→ Your goal
What is needed is an exact copy of the lines from the one containing "1616 24 Avenue NW Calgary AB T2M 1Y6" through the last line of the records, with no pictures.
Top of Source data
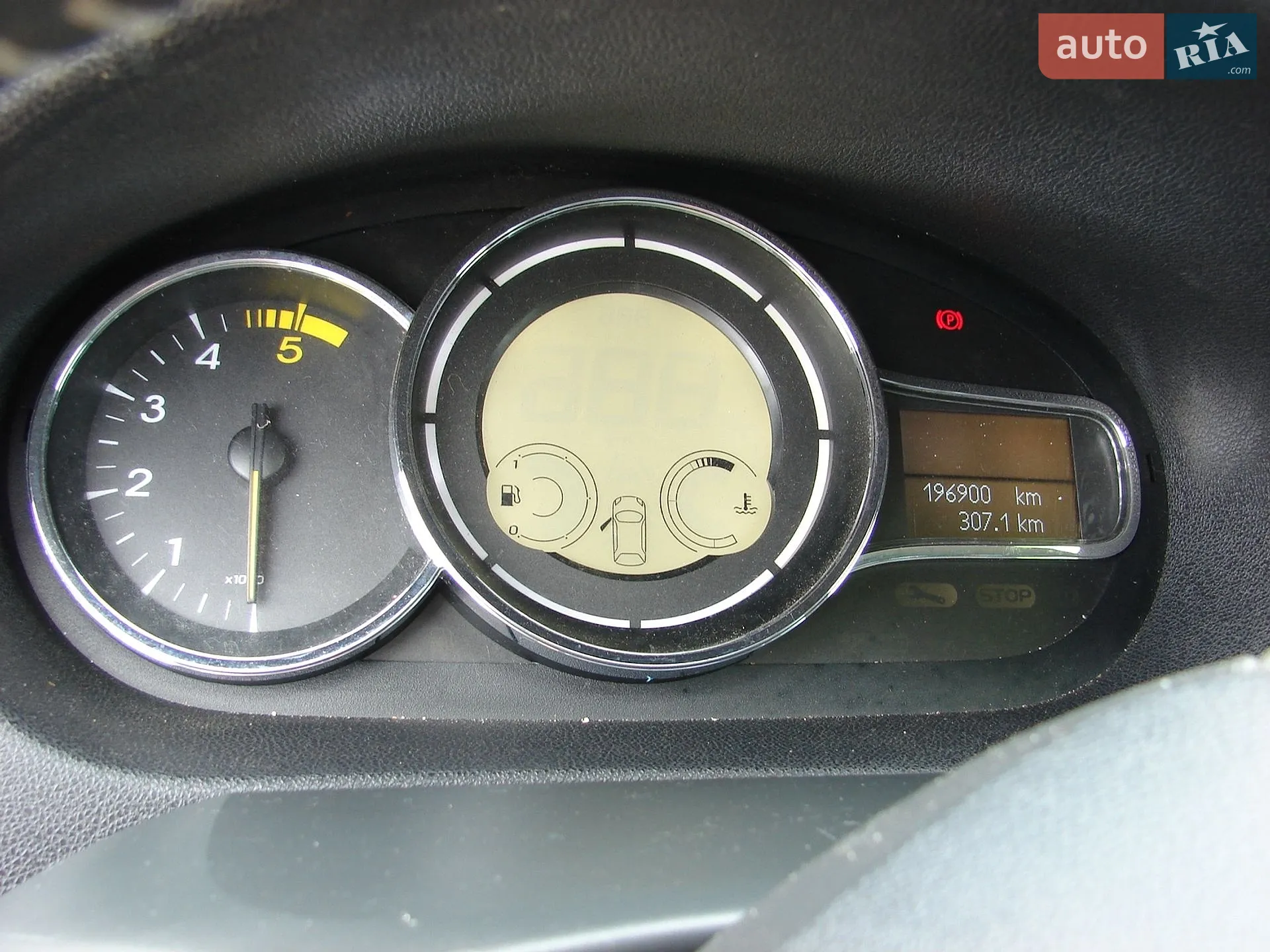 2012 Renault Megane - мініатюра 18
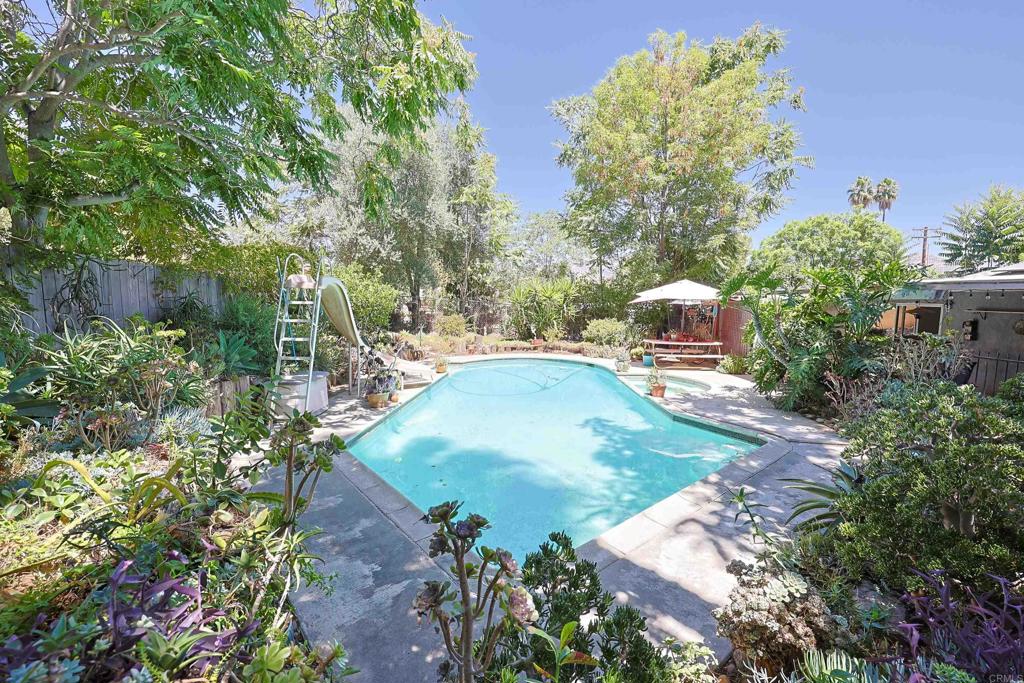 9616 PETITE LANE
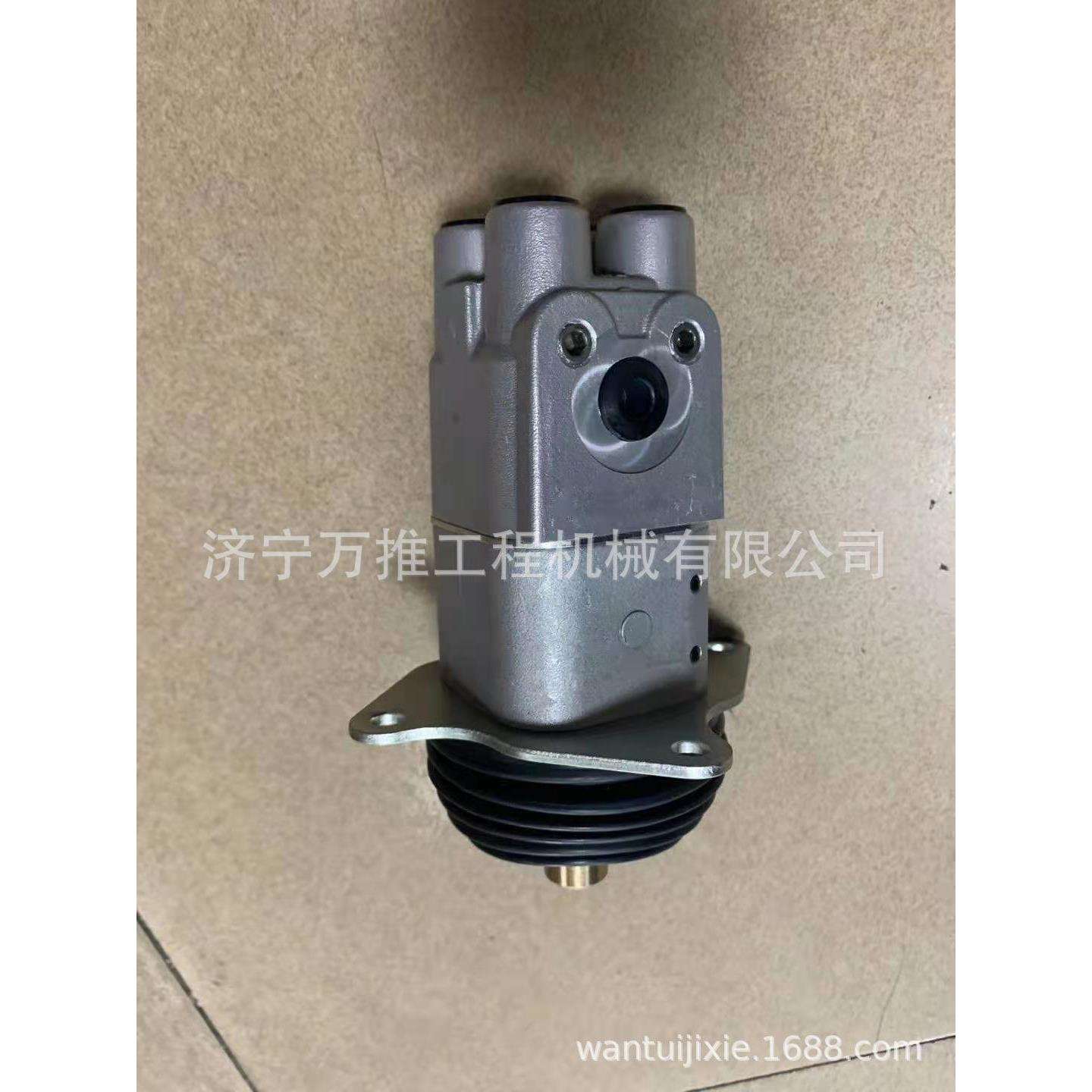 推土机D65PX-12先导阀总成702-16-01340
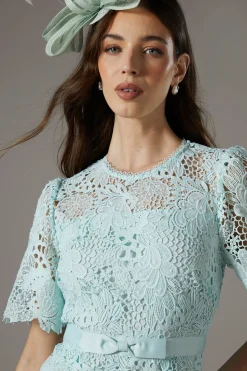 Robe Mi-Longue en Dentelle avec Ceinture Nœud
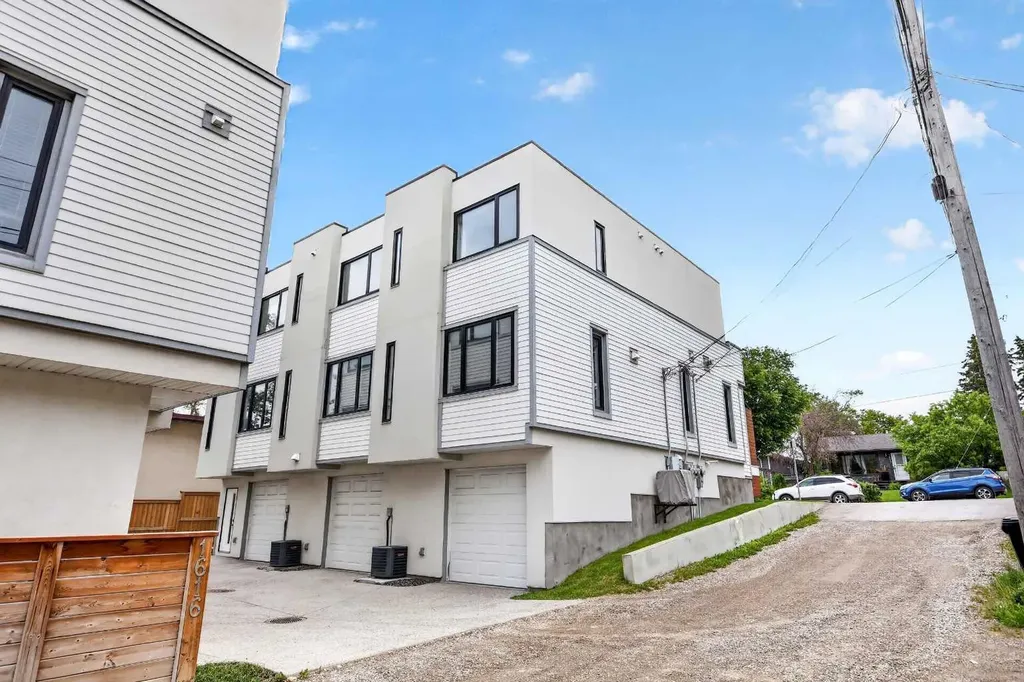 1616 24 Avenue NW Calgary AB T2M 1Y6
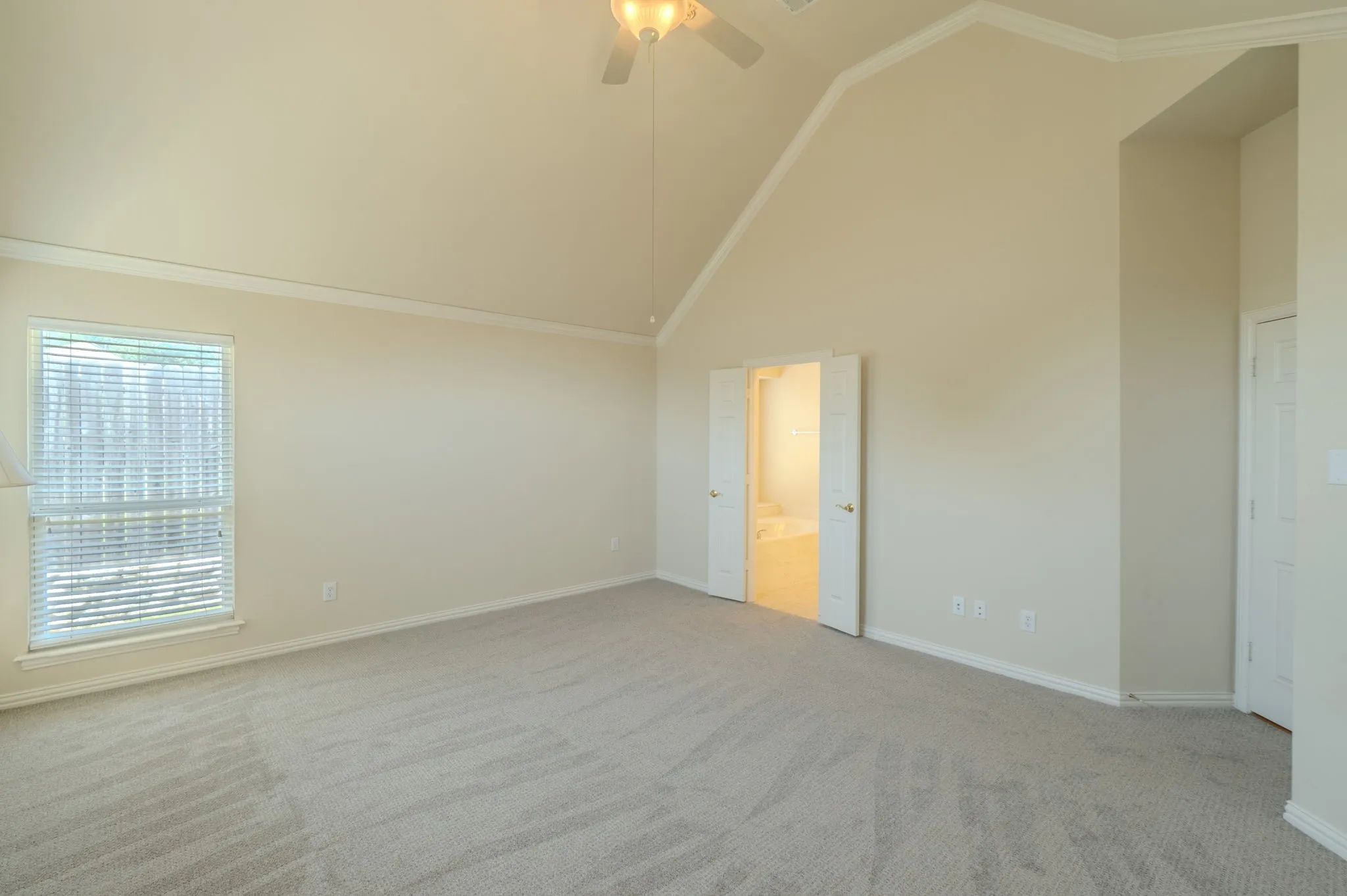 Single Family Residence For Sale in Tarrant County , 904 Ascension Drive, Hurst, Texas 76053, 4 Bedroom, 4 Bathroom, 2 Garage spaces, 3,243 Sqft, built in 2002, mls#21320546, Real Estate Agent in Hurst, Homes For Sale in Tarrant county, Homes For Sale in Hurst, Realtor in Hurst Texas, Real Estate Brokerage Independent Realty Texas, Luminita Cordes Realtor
Bottom of Source data
→ Answer box
 1616 24 Avenue NW Calgary AB T2M 1Y6
 Single Family Residence For Sale in Tarrant County , 904 Ascension Drive, Hurst, Texas 76053, 4 Bedroom, 4 Bathroom, 2 Garage spaces, 3,243 Sqft, built in 2002, mls#21320546, Real Estate Agent in Hurst, Homes For Sale in Tarrant county, Homes For Sale in Hurst, Realtor in Hurst Texas, Real Estate Brokerage Independent Realty Texas, Luminita Cordes Realtor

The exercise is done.